Actionable geopolitical insight.

Geopolitical Operating System

China’s National Transportation Logistics Project

Beijing is investing to develop a ubiquitous information network. Such a network would fuse the physical and the virtual and seek control over both. This might seem a distant ambitions or an amorphous attempt at strategic theory. But it is already taking form, and with serious consequences for the international balance of power, both economic and geopolitical, and international freedom. Look, for example, at Beijing’s National Transportation Logistics Platform (LOGINK).

LOGINK is an international platform for logistics interconnection and communication. It illustrates China’s emergent platform geopolitics. As Beijing invests in international transportation infrastructures, it also integrates them into a government-controlled logistics information system. LOGINK aggregates and connects the otherwise fragmented information systems and data streams that define modern transportation and logistics. It does so horizontally across transportation sectors and vertically along industrial chains. LOGINK collects and disseminates ratings data (e.g., on individuals, vehicles, and companies, shaped by the Chinese social credit system); tracking data (e.g., on vehicles, cargo, customs clearance); resource data (e.g., price indices, route planning, supply chains); and so-called “comprehensive data” (e.g., on policies and regulations, standards, operations of companies, infrastructures, and software). LOGINK receives those data from Beijing’s government monitoring systems and State champions, as well as from foreign companies, infrastructures, and information systems to which it connects. LOGINK provides its data and the services built on them, selectively, to its connected company, government, multilateral, regulatory, and infrastructure users across the industrial chain.

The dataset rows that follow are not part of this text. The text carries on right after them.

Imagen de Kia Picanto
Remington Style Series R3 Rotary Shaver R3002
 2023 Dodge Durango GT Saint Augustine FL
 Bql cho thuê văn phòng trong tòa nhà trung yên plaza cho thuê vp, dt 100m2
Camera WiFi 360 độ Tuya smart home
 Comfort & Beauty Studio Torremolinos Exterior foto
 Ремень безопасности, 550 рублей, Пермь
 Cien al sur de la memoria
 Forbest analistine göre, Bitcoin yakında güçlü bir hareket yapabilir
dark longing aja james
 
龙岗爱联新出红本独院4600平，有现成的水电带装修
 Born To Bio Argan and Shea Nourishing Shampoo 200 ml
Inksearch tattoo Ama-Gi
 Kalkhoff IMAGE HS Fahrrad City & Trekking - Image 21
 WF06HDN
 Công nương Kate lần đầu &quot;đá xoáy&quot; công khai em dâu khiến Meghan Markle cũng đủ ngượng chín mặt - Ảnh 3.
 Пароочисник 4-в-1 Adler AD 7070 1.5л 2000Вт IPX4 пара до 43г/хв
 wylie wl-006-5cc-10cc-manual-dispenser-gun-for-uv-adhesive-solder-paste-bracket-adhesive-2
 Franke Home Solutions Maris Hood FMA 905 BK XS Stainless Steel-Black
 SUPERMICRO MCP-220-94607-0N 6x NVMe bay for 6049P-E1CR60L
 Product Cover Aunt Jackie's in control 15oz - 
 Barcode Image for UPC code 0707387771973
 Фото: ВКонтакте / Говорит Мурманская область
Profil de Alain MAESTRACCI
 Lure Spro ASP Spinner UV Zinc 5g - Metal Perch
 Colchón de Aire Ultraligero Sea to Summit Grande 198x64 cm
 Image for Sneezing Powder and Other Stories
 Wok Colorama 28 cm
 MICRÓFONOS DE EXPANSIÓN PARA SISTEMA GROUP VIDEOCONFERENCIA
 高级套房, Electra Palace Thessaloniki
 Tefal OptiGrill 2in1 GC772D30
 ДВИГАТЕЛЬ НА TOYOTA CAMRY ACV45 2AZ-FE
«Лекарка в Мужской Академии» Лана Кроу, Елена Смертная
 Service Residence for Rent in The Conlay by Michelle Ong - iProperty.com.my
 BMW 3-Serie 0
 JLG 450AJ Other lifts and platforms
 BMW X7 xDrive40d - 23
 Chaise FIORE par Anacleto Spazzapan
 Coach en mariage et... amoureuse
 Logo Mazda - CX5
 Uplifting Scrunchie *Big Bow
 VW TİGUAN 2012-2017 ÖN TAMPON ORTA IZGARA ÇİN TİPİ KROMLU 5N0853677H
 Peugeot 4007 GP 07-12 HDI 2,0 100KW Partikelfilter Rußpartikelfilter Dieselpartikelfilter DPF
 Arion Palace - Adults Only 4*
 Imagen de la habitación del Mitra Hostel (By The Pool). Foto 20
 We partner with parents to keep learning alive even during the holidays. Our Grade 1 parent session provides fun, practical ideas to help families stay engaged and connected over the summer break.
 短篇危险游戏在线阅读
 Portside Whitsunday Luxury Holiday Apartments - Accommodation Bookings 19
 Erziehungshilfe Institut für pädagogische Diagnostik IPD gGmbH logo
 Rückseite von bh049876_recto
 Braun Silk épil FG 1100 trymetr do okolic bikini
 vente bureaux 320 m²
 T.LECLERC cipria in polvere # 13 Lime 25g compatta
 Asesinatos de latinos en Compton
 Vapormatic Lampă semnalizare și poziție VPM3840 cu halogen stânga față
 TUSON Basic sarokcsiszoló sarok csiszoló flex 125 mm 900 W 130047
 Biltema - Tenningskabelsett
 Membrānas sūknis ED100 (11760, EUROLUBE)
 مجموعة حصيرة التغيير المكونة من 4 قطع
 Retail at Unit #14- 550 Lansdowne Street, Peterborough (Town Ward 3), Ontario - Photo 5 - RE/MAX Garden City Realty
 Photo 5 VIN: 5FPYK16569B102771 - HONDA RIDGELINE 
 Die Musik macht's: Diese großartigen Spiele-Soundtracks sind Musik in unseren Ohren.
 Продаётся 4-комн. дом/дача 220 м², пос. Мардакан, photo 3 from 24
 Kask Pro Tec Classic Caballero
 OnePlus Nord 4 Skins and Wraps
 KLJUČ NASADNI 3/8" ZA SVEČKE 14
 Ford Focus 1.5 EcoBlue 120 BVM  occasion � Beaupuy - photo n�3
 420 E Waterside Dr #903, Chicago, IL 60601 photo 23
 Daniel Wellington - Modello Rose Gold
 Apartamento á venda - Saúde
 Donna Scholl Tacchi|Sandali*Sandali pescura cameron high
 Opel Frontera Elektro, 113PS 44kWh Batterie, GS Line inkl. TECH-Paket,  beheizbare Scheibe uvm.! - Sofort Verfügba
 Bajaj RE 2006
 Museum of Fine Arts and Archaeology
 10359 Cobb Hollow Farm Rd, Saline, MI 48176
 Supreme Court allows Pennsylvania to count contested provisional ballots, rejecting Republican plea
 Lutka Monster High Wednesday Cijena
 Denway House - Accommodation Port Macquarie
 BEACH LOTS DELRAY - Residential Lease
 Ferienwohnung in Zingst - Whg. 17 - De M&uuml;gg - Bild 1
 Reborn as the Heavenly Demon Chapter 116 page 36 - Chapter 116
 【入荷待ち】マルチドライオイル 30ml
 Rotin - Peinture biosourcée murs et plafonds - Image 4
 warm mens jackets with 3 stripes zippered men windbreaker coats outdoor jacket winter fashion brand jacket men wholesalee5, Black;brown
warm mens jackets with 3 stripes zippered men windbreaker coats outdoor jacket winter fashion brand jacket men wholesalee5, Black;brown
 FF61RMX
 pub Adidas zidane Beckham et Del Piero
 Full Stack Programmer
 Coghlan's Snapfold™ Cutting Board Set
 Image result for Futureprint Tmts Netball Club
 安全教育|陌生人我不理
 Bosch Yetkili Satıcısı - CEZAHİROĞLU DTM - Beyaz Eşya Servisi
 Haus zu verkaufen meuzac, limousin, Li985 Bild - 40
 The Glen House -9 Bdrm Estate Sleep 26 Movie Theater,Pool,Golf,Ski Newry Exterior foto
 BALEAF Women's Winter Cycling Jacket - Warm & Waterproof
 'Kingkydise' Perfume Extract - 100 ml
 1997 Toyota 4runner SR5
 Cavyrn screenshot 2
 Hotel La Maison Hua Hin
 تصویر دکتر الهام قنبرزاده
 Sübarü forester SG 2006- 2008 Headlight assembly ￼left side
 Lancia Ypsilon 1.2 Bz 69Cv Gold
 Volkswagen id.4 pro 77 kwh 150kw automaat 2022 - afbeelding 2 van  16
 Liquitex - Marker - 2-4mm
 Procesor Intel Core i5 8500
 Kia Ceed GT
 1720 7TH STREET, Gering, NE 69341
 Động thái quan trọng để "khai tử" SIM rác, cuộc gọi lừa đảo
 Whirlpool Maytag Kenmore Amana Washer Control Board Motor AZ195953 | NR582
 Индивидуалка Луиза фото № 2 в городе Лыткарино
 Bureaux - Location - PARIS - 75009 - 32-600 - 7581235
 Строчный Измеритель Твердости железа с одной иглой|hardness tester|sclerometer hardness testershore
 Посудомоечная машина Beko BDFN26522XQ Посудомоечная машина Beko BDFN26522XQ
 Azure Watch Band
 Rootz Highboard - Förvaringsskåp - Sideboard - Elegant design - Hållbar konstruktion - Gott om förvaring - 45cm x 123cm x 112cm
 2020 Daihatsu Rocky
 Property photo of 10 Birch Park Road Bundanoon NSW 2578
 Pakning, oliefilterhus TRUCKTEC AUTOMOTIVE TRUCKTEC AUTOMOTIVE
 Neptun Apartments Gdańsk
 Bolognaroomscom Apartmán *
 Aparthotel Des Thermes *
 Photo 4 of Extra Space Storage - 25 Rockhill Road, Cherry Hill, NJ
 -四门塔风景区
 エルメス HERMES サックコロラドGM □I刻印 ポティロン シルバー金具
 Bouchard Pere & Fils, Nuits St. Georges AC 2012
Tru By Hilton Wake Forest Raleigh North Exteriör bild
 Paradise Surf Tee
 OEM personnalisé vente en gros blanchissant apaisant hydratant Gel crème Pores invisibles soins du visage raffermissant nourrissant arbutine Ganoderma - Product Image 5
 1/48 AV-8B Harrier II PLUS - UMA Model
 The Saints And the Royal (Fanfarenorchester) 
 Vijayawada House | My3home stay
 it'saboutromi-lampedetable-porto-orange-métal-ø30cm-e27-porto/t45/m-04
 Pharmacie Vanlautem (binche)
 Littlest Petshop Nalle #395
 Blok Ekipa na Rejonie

 Unlike its competitors, or analogous information platforms in other sectors, LOGINK is controlled by China’s Ministry of Transport. The Chinese Communist Party promotes LOGINK as an international standard for logistics interconnection.

LOGINK has integrated into South Korea and Japan’s port information systems. It also has a partnership with the International Port Community Systems Association (IPCSA)—an industry group that spans every continent and includes operators and authorities from seven of the top 35 non-Chinese ports in the world. LOGINK also has bilateral relationships with major global ports, including Klang, Rotterdam, Antwerp, Hamburg, Bremen, Barcelona, and Abu Dhabi, among others. Including Chinese ports, LOGINK is active in at least 14 of the world’s 20 largest ports. LOGINK’s information network and standards are also exported—in ecommerce and transportation logistics—by global Chinese commercial giants, including Alibaba and Baidu.

To underscore: LOGINK is a Chinese Ministry of Transport–devised information platform. It is already international. And it is on the verge of gaining traction as an international standard in a critical domain. This platform reveals overlooked realities about the Chinese Communist Party’s approach to power projection – and the resultant threat posed to US modes of power projection and the security of the global commons.